▶ _Supplied entries_:
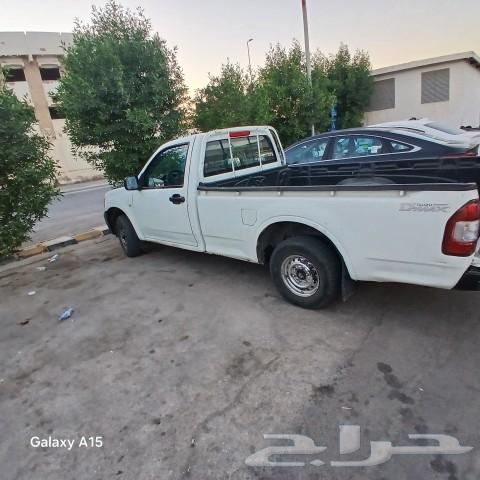 Bedroom furniture disassembly, assembly, and maintenance technician; furniture moving and delivery within Riyadh64506428263425110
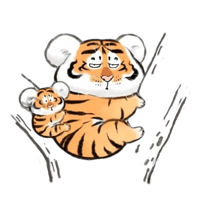 sticker image #5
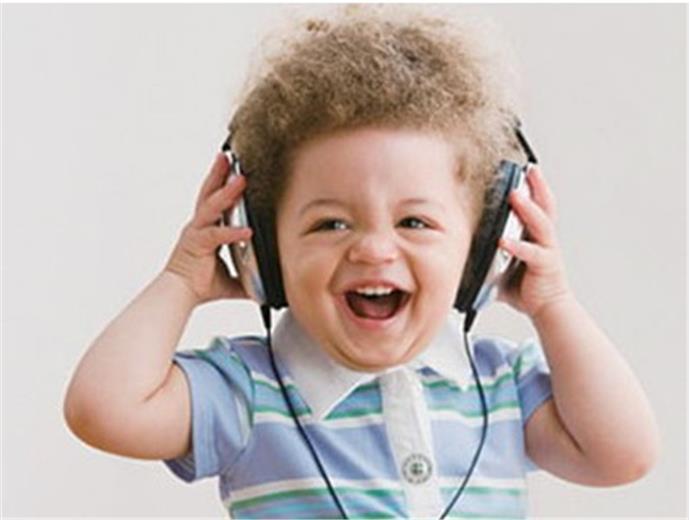 英聽 聽出什麼問題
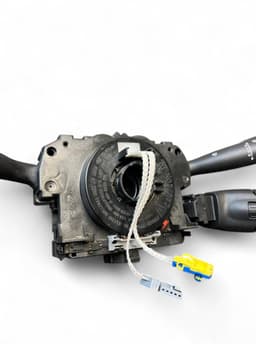 PEUGEOT 96662459XT Indicator/wiper/slip ring switch (stalk) PEUGEOT PARTNER II (B9) (2008-2018) — thumbnail 4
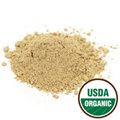 Astragalus Root Powder Organic 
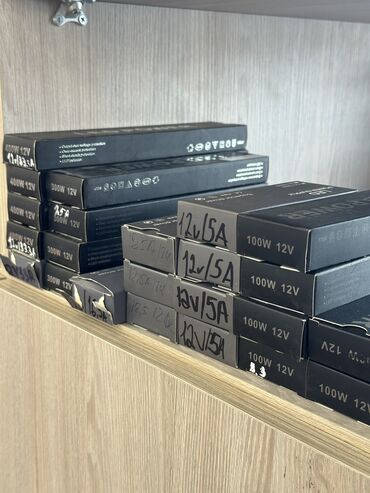 Soyutma sistemləri: Soyutma sistemi -da lalafo.az — 13 Soyutma sistemləri: Soyutma sistemi — 13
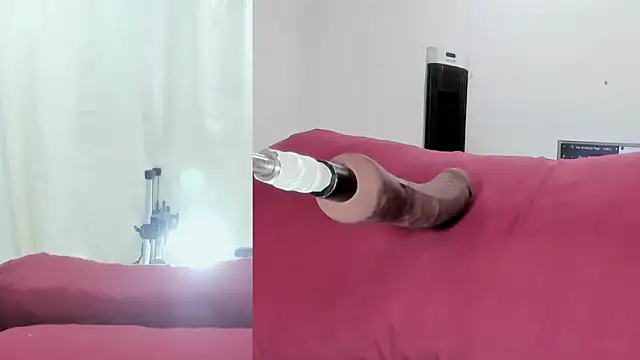 Criistal Thompson online show from 03/19/26, 12:09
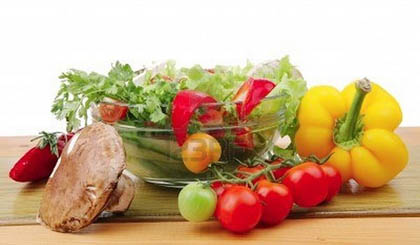 Ảnh minh họa. (Nguồn: physicalinstruction.blogspot.com)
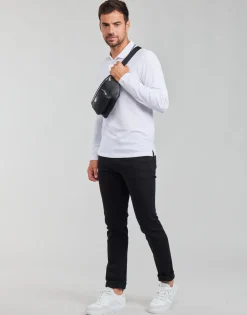 Emporio Armani - 8N1FB5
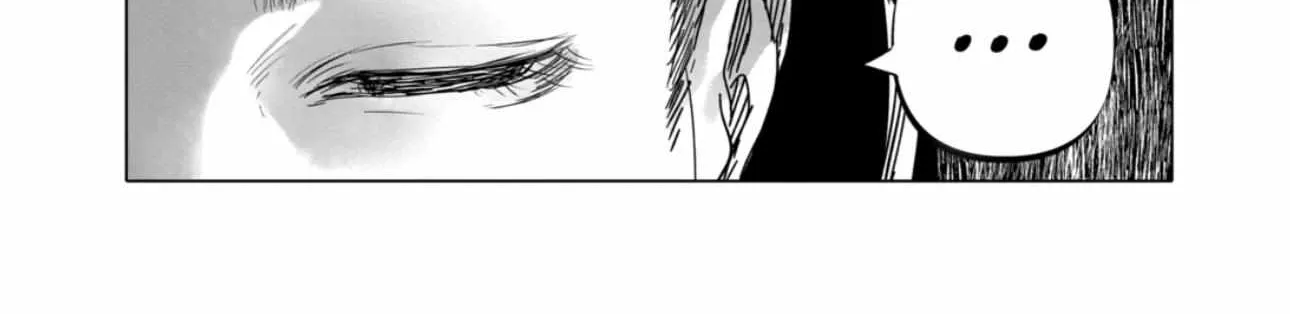 AFTERGOD Chapter 59 page 33 - 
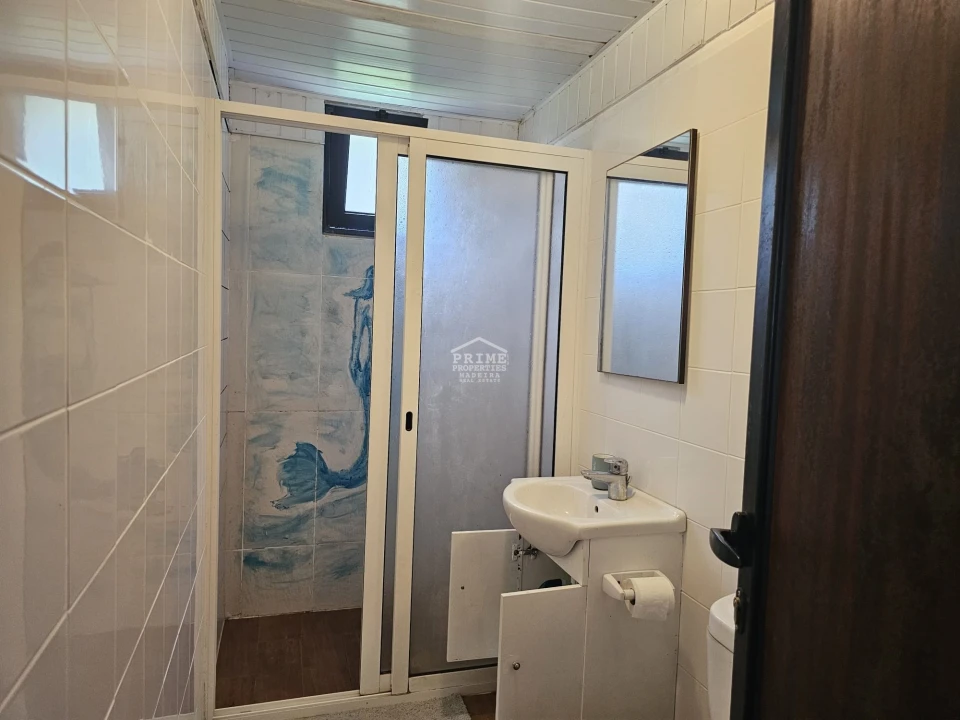 Moradia T3 para Venda em Ponta Delgada Foto 12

▶ _What to work on_:
Each line from the one containing "Astragalus Root Powder Organic" through the last line of the entries above is to be extracted exactly. Pictures are not part of the copy.

▶ _Answer_:
 Astragalus Root Powder Organic 
 Soyutma sistemləri: Soyutma sistemi -da lalafo.az — 13 Soyutma sistemləri: Soyutma sistemi — 13
 Criistal Thompson online show from 03/19/26, 12:09
 Ảnh minh họa. (Nguồn: physicalinstruction.blogspot.com)
 Emporio Armani - 8N1FB5
 AFTERGOD Chapter 59 page 33 - 
 Moradia T3 para Venda em Ponta Delgada Foto 12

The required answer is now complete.